Of coures, this graph assumes the scope is zeroed at 150yds for each round, but I would expect that if I was zeroed for a single round, the pattern would be the same (95gr VMax behing the highest and the Norma being the lowest). This is exactly what I see on the target.

So what are your suggestions? What was going on?


----------



## CoastalOutfitters (Aug 20, 2004)

i have rarely got the best group off the "max" load in the book, usually it is about 2 grs back on big cases.

the horizontal variance is a real head scratcher and I highly doubt due to wind with that cal., also does not look like a hot barrel spread............dunno

try an old school sierra spitzer and back it off just a touch from max. 

maybe in the 125-130 gr. range


----------



## Ernest (May 21, 2004)

You have to work up to the load that is right for your gun. I'm not saying you always have to start with the absolute min, but start low and work up. Sometimes the accuracy load is at the top. More often, you will find a couple accuracy "nodes." A small range of charges where the gun shoots great. There is typically a low node and then perhaps a higher velocity node. 

Until you find one of these nodes for each bullet, trying to read three shot groups and figure out why you are seeing horizonal spread between different bullets is pizzing in the wind. Waste of time.


----------



## davidb (May 10, 2006)

Barrel vibration is different for each load and even for the same bullet with different powders.
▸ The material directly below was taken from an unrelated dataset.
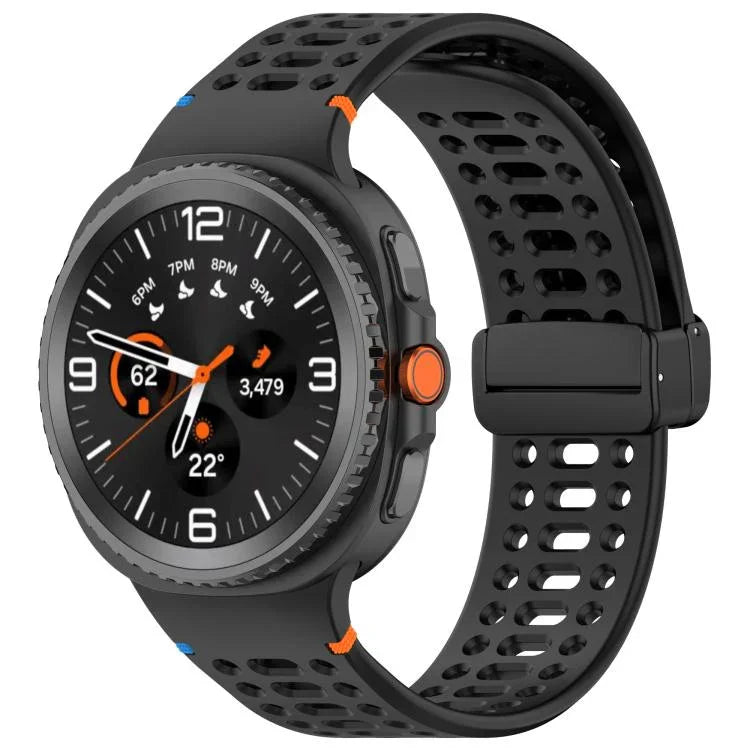 สายรัดนาฬิกาซิลิโคนเย็บระบายอากาศหัวเข็มขัดสีดำแม่เหล็ก สำหรับ Samsung Galaxy Watch8 / Watch8 Classic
The point of impact will change with the changes in barrel harmonics (vibration). 

It's kind of like when Elmer Fudd fires one off with his blunder buss and the barrel swells up and wobbles then spits the bullet out. The barrel wobbles differently with different loads.

Never start with a max load, as you work up you will see some differences in accuracy and point of impact. Not only safer but will get you closer to an accurate load quicker.

Enjoy.


----------



## goatchze (Aug 1, 2006)

Thanks guys, I guess I was just surprised at how far of a spread there was between groups but not within groups, and I couldn't understand why. I'm going to go through different combinations of powder and charges to see what's best for each round. I never planned or figured that the max load would be the best choice; just what I used Saturday to see what the velocities were like.


----------



## coogerpop (Sep 3, 2009)

1.Pick a bullet.
2.Start 3-4 gr below max and build up 3-4 cases with each weight.
3. Fire for grouping.
4. take best one and change primers...
5.Take best.
You are pretty close to the best of this combo.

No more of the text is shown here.